ACTIVITY =>
Using the entries below, copy exactly each line from the line with "ظهرت الشخصية الجديدة" up to and including the line with "2008 Peugeot 308", with every picture left out.

PROVIDED ENTRIES =>
________________
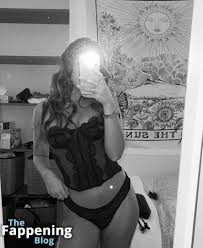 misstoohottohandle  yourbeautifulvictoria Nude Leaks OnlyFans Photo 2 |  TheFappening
________________
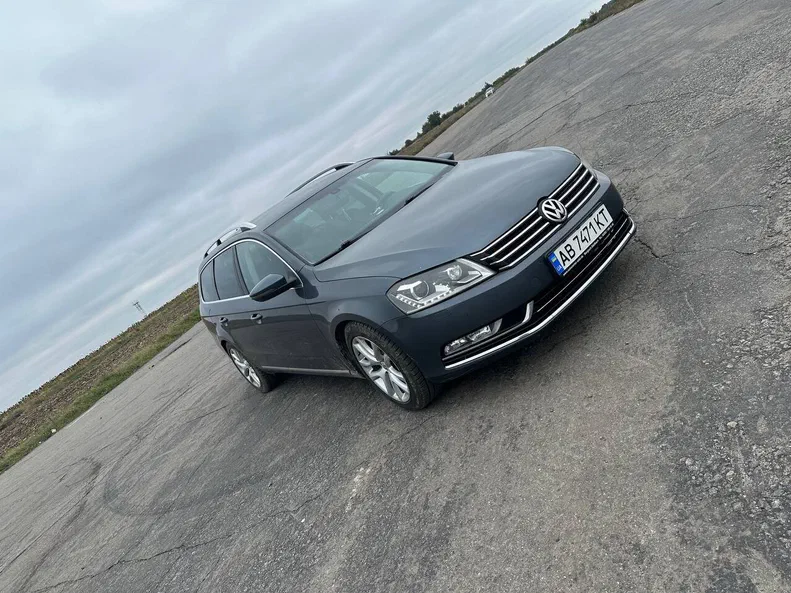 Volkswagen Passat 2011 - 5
________________
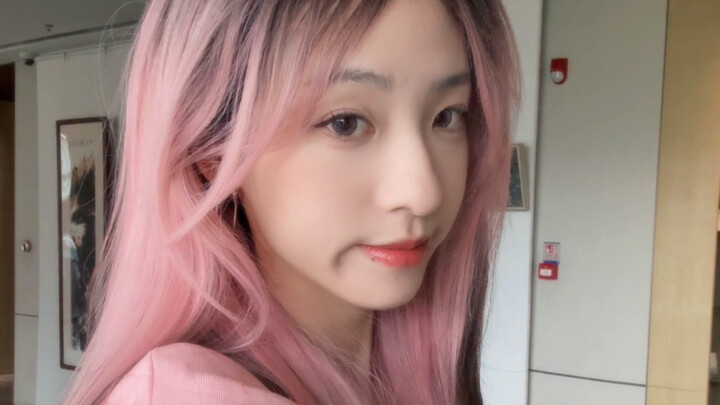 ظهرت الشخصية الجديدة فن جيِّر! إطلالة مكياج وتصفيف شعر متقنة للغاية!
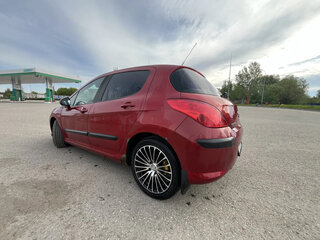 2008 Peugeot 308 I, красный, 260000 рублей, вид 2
________________
EXERCISE RESPONSE =>
 ظهرت الشخصية الجديدة فن جيِّر! إطلالة مكياج وتصفيف شعر متقنة للغاية!
 2008 Peugeot 308 I, красный, 260000 рублей, вид 2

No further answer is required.